▶ The task
The entries below hold a line with "Sunny Apartment In" and a line with "Ensemble complet de". Return those lines and all that lie between them, exactly and only.

▶ Data shown
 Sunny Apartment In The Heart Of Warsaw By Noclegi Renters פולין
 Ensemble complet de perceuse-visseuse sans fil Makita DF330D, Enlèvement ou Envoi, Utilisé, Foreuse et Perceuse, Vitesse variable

* * *

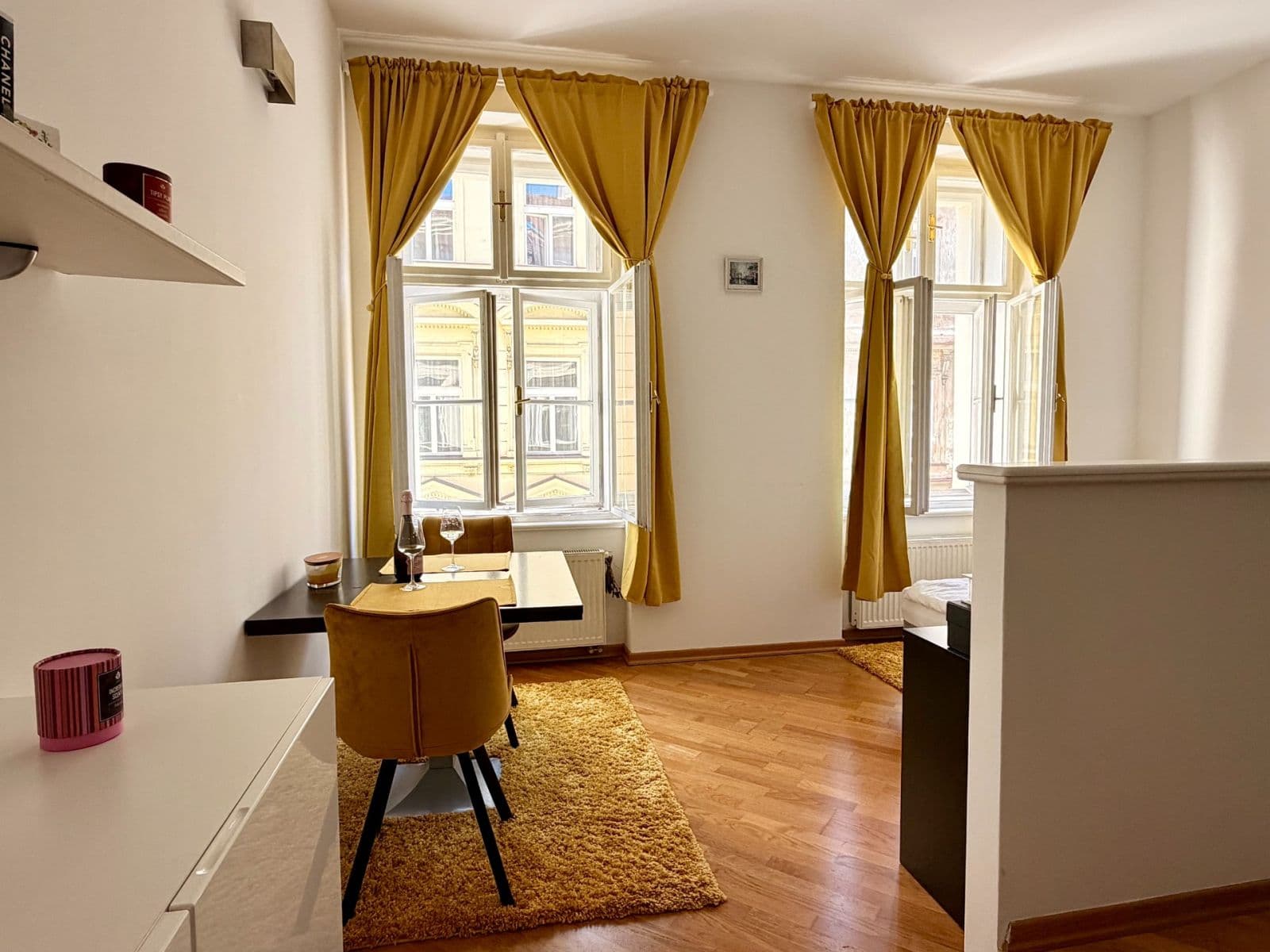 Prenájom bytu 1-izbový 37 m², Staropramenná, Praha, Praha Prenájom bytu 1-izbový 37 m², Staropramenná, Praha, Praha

* * *

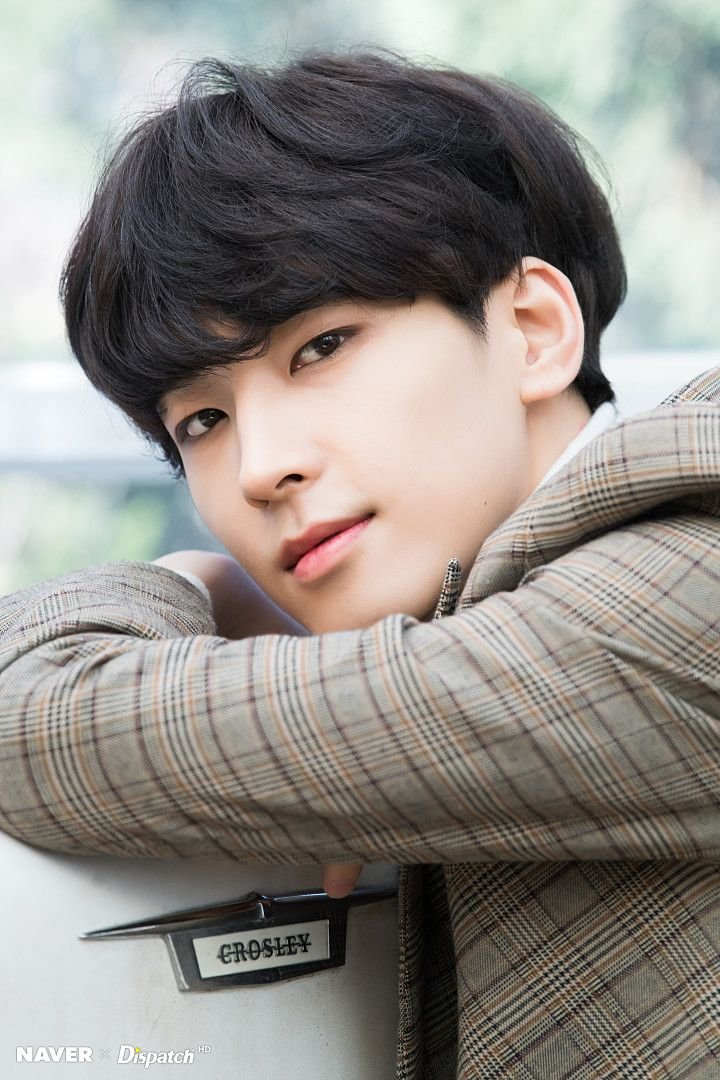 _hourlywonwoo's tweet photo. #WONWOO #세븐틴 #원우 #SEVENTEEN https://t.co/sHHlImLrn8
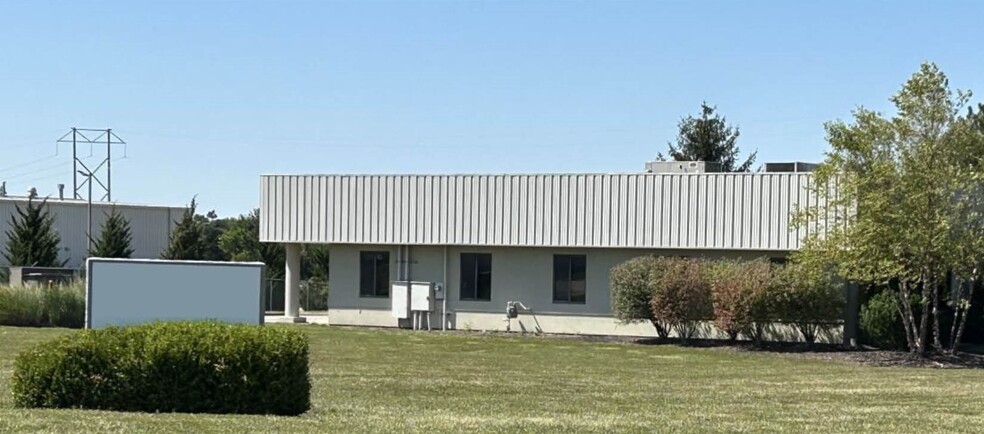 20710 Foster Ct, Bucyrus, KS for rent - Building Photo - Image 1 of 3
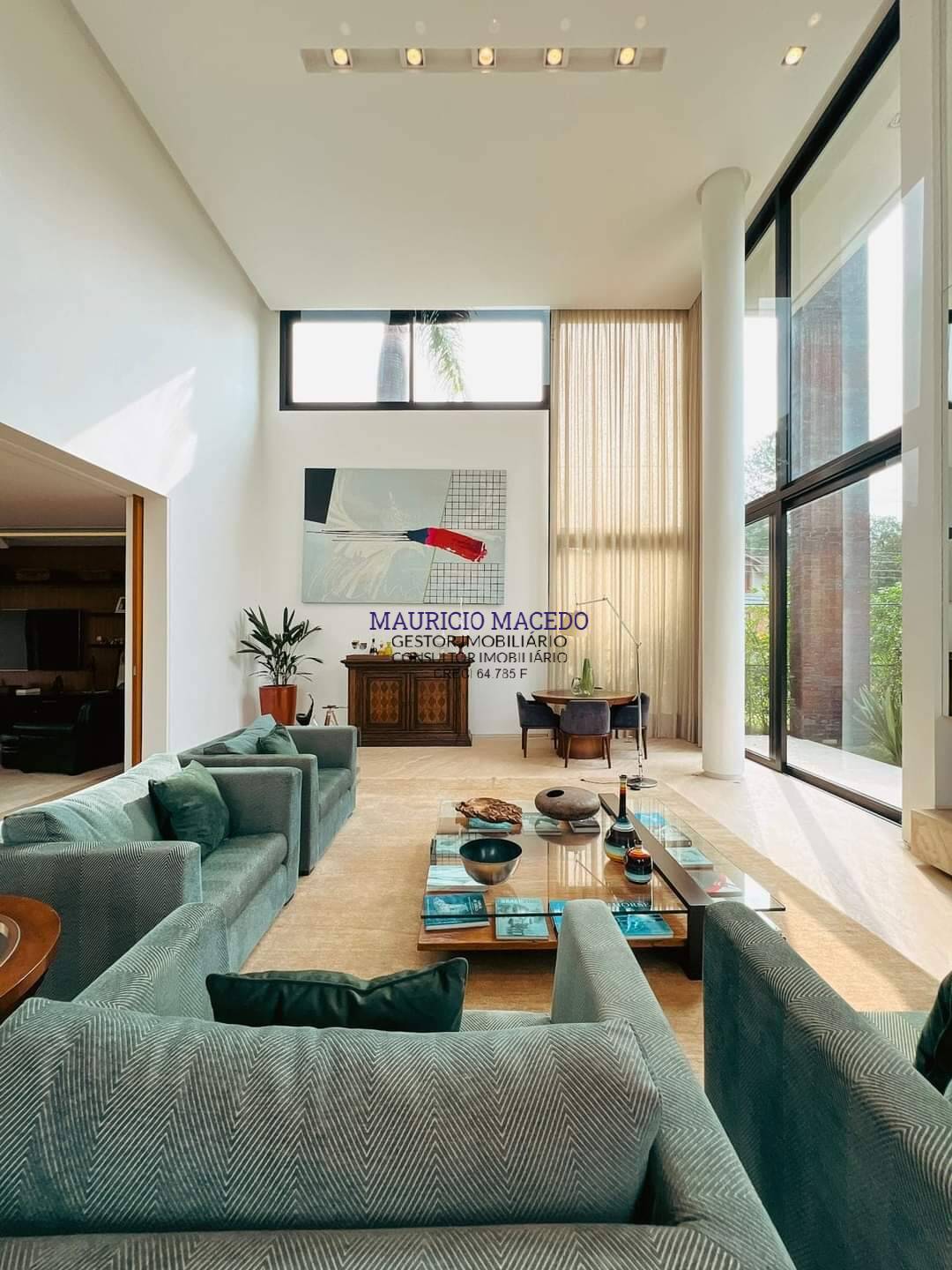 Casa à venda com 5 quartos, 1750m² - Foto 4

▶ Completed task
 Sunny Apartment In The Heart Of Warsaw By Noclegi Renters פולין
 Ensemble complet de perceuse-visseuse sans fil Makita DF330D, Enlèvement ou Envoi, Utilisé, Foreuse et Perceuse, Vitesse variable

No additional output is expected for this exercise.